First, load up Spark by executing the following cells.  You can just execute them!

In [5]:
import findspark

In [6]:
findspark.init()

In [7]:
from pyspark import SparkContext

In [8]:
spark = SparkContext(appName='exercise-3')

In [9]:
spark

If it worked, you should see the description of your **SparkContext** and a link (that you can visit by replacing its IP address with your EC2 instance host name).

### Q2.2 - Upload your wrangled data

Upload the data you wrangled with Trifacta in Part 1.  You may use Jupyter's upload function for this, it doesn't need to be captured here.  You may want to compress your data before uploading it.

In a few cells below, ensure that your data uploaded correctly, and uncompress it if necessary.  Count its lines, check its filesize, or look at the first few lines as you deem appropriate until you're confident you have all your data to use here in the notebook.

**Answer**

In [91]:
!csvstat Baltimore.csv

  1. "DEPTID"

	Type of data:          Text
	Contains null values:  False
	Unique values:         665
	Longest value:         6 characters
	Most common values:    P04001 (368x)
	                       C90786 (241x)
	                       P04002 (230x)
	                       A99416 (157x)
	                       A64003 (134x)

  2. "HIRE_DT"

	Type of data:          Date
	Contains null values:  False
	Unique values:         4639
	Smallest value:        1962-04-03
	Largest value:         2017-10-02
	Most common values:    2017-05-27 (90x)
	                       2007-06-23 (66x)
	                       2006-07-01 (52x)
	                       2007-12-12 (49x)
	                       2017-07-12 (49x)

  3. "ANNUAL_RT"

	Type of data:          Number
	Contains null values:  False
	Unique values:         1769
	Smallest value:        1,800
	Largest value:         250,000
	Sum:                   740,215,086
	Mean:                  54,899.88
	Median:                50,656
	StDev:            

In [92]:
!csvcut -n Baltimore.csv

  1: DEPTID
  2: HIRE_DT
  3: ANNUAL_RT
  4: Gross


### Q2.3 - Load your data into a Spark RDD

Load up your data using the techniques we reviewed in class.  Extract the header. Get a count to verify that it's working correctly.

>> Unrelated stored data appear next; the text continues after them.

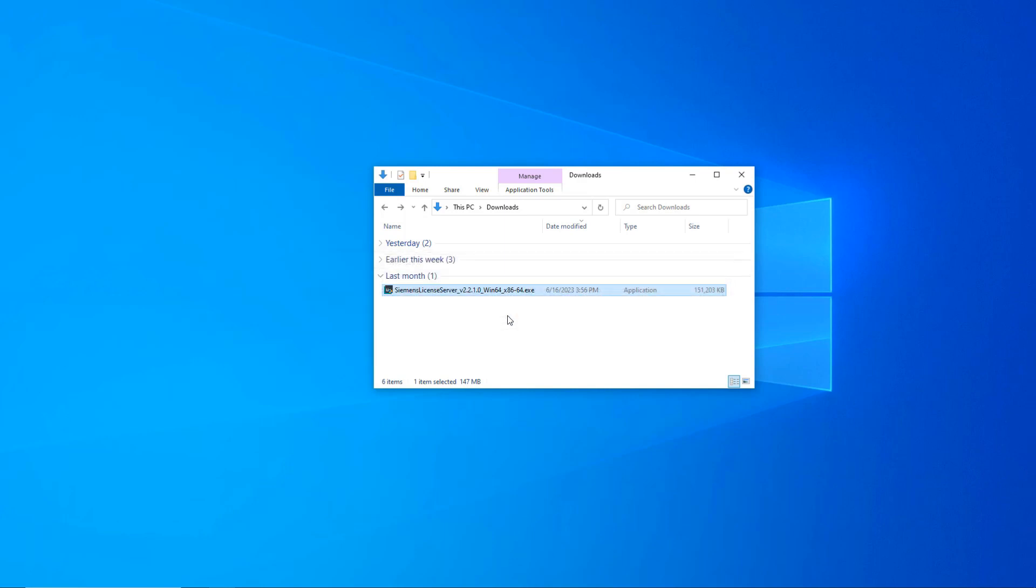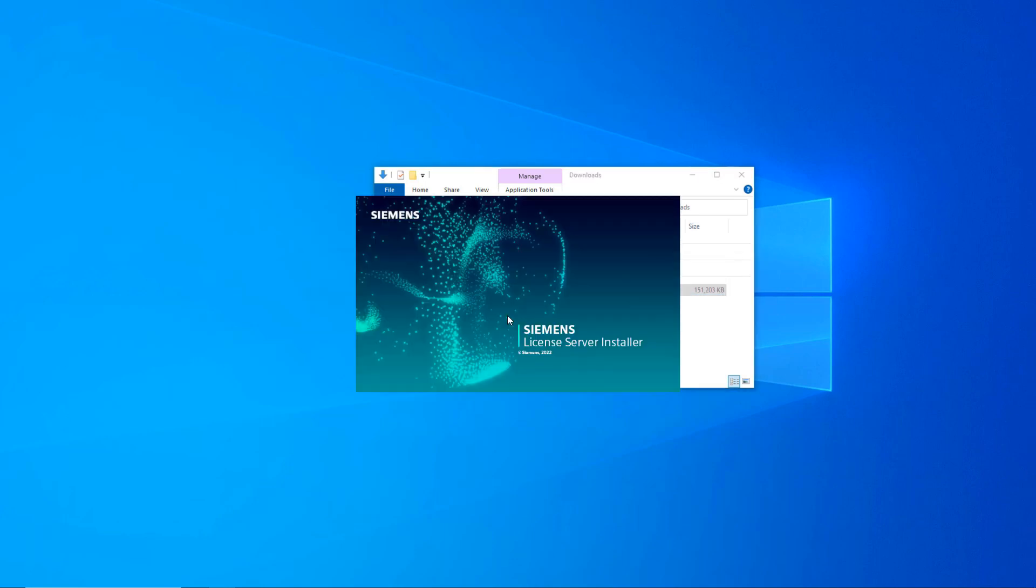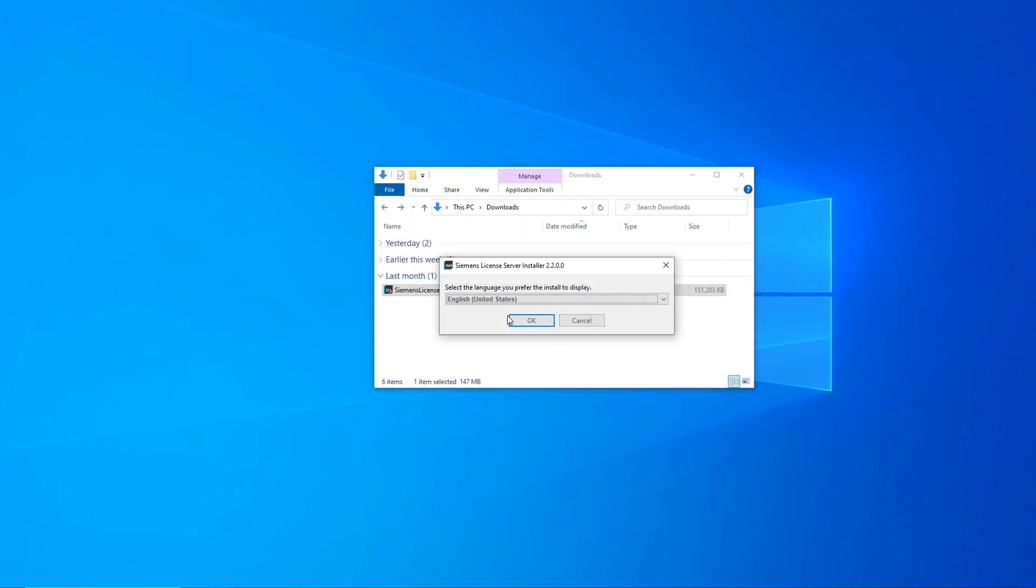The existing license file from the legacy server will still be used. Note that you cannot run both the legacy SPLM License Server and the SLS on the same machine.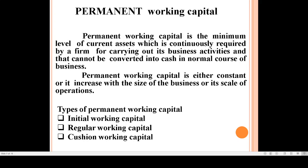To conclude permanent working capital: it is the minimum amount of current assets continuously required by a firm for carrying out its operations, and it cannot be converted into cash. It is either constant or increases with the size of the business. There are three types: initial working capital, regular working capital, and cushion working capital.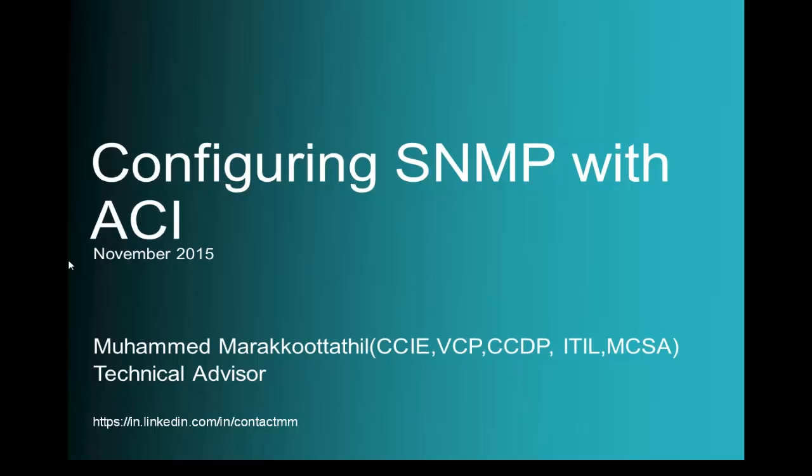This is Mohammed from Cisco PDI Technical Advisor team. Using this video, let's talk about how to configure SNMP on ACI Fabric. I will take you through the lab to show this in action.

Modify the cells below to get started.

**Answer**

In [70]:
# Edit this cell to point to your file!
data = spark.textFile('Baltimore.csv')

In [90]:
header = data.first()
header

'"DEPTID","HIRE_DT","ANNUAL_RT","Gross"'

In [72]:
data.count()

13484

### Q2.4 - Summarize your data

Choose one of the two techniques we saw in class to compute some basic numbers on one of your columns.  Your options are:

 * Use `map` and `filter` and `reduceByKey` with `lambda` functions find min/max values and to count frequencies in one column
 * Use the `Statistics` module to compute count, mean, min/max (don't forget to import it and numpy)
 
It's your choice.

**Answer**

To analyze the data we first use spark to see which 10 salary amount is most frequent in the dataset.

In [73]:
from operator import add

In [76]:
salary_top10 = data.filter(lambda row: row != header) \
    .map(lambda row: row.split(",")) \
    .map(lambda cols: (cols[2], 1)) \
    .reduceByKey(add)

In [77]:
salary_top10.takeOrdered(10, key=lambda r: -r[1])

[('"20800.00"', 269),
 ('"19240.00"', 197),
 ('"65009.00"', 196),
 ('"48971.00"', 149),
 ('"30430.00"', 139),
 ('"24960.00"', 134),
 ('"31345.00"', 118),
 ('"83881.00"', 110),
 ('"32260.00"', 100),
 ('"10864.00"', 93)]

In [86]:
salary = data.filter(lambda row: row != header) \
    .map(lambda row: row.split(","))\
    .map(lambda col: float(col[2].replace('"', '')))

In [87]:
salary.take(10)

[57863.0,
 78600.0,
 54486.0,
 37415.0,
 72800.0,
 65009.0,
 67218.0,
 83576.0,
 45893.0,
 22464.0]

In [88]:
salary.max()

250000.0

In [89]:
salary.min()

1800.0

### Q2.5 - Evaluate

How did it go?  Did it work as you expected?  Did you run into any issues?

What do you like about using Spark?  Or do you dislike it?

**Answer**

When triing to get the max/min/mean value of the data, I found spark went wrong sometimes, although I do choose the right column and try to convert it into float in order to compare, after looking back to the csv file, I found 'NAME', 'JOBTITLE' and 'DESCR' column is annoying when covert csv file to RDD, so they must be removed, and this do solve the problem.